Before tonight’s semifinals, a few notes and quotes.
• Matthew Nuumanaia, the versatile 6-foot-5 senior at St. Francis, was a definite DNP last night for the top-seeded Saints in the Hawaiian Airlines/HHSAA D-II Boys Basketball State Championships. Kalani beat the Saints 54-41, ousting the defending D-II state champs. No word on why he didn’t play, but whatever the reason, it’s kind of sad that his prep career closes on this note.
He’s going to be a tremendous guard at the next level. He got to play quite a bit on the wing at St. Francis, but was also a force inside, a willing low-post defender and scorer. Good court vision, unselfish, but ready to pull the trigger. His 3-point shot was very good this season at times.
When he gets to focus on one position in college, look out.
• Still wondering why Kapi‘ina King did not play in Damien’s 58-55 loss to Seabury Hall in the opening round of D-II play yesterday. The 6-7 junior is a valuable part of that team. Even if he never took a shot, his value in one game is certainly worth more than 3 points defensively.
It’s just bizarre for this Pupule hoops fan to see two small schools get the spotlight at the big dance, only to see their marquee players sidelined.
• HHSAA executive director Chris Chun said this week’s boys tourney is drawing similar numbers to the girls’ state tournament that ended last Saturday.
“Maryknoll brings a huge crowd,” Chun said. “Last year was way better than the year before. This year is a lot like last year.”
• Back to Kalani. Some fans have wondered aloud why Kalani was permitted to have homecourt advantage for its game with St. Francis. The answer is two-fold.
1. Home court has been permitted in the past. King Kekaulike hosted for a state volleyball tournament a few years ago. It’s an eye-opening view there, with the court below the entrance area, practically dug into the slopes of Haleakala.
2. No other schools besides Kalani and Kaimuki offered their facilities for the D-II state tourney.
“That’s why they offered — so they could (possibly) host,” Chun noted. “It was part of the condition.”
The flip side of hosting is that the consolation games in D-II are also played at those sites. Those games don’t draw well, so the concession stands aren’t busy, either.
• Here are some previously unpublished quotes from Jerry Campany, who covered the Maryknoll-Baldwin and Mililani-Farrington games last night.
Farrington coach Alan Silva on the last play:
“We wanted to stop them from penetrating and getting a shot. Jacob McEnroe played really good, did not foul him. That was the key, do not foul the 3-point shooter. That’s game if you foul him.”
To McEnroe: Did Mililani wake you guys up?

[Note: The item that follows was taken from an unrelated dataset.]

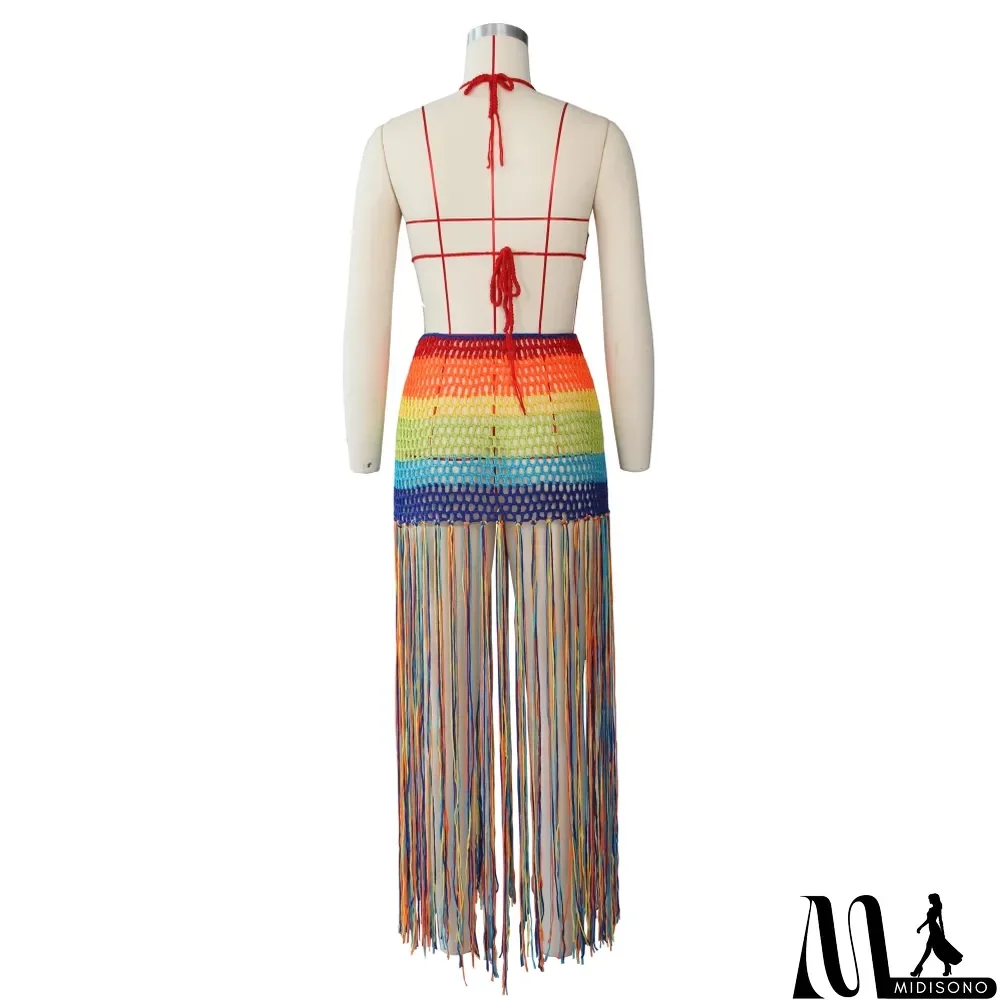 MidiSono - Sexy Crochet Bra and Fringe Skirt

“I actually woke up a long time ago, I have been woke up. I was just trying to get my team together because they were kind of nervous. We havent been playing since Thursday, since the championship game, so let’s just get used to it. Get the blood pumping, everybody got their nerves going, second half we got that run again and it helped.”
Mililani coach Ed Gonzales on the last shot.
“We could have actually tried to take it closer to the basket. We were thinking Farrington was going to foul us, they only had five team fouls, so really Noel (Bueno) probably should have just penetrated, usually he would just penetrate. cannot help it, though, we gave it a good shot.
Forward Tyson Kanoa on Maryknoll:
“Throughout the whole game we were getting kind of rowdy so I told the team we had to keep our composure.”
Tyson on Baldwin’s shooting:
“Oh, man, they just would not stop. We had to calm down on offense, we were forcing a lot of shots and we had to stop their transition game so we could get in their face.”
Kaleb Gilmore on his concussion:
“I lost the ball and I tried getting it, I turned around and the guy was right there and my head hit his chest and it was like whiplash. I didn’t see it coming.”
Kaleb on Baldwin:
“Oh, God, No. 23 (Ryan Garces), the lefty, out of nowhere he just started hitting when they needed it. We just had to stay together, which we did, and we had to get some points, which we did, and it all worked out.
Maryknoll coach Kelly Grant on Baldwin:
“33 (Philip Thomas) was leaning on his 3-point shots and hitting them, that’s a pure shooter. 23, the lefty, they are taught well on how to move without the ball.”
Grant on Teva Eldredge:
“I thought the difference was Teva going down. It made a difference, he is the presence underneath the basket. It changes the formations and the substitution patterns the coach has to put in.”
Grant on Kaleb:
“They were doing concussion testing over there, so I thought he was going to be gone, when he came and said he was going to be available I waited for a situation when we were going to be on offense so I can rest him on defense.”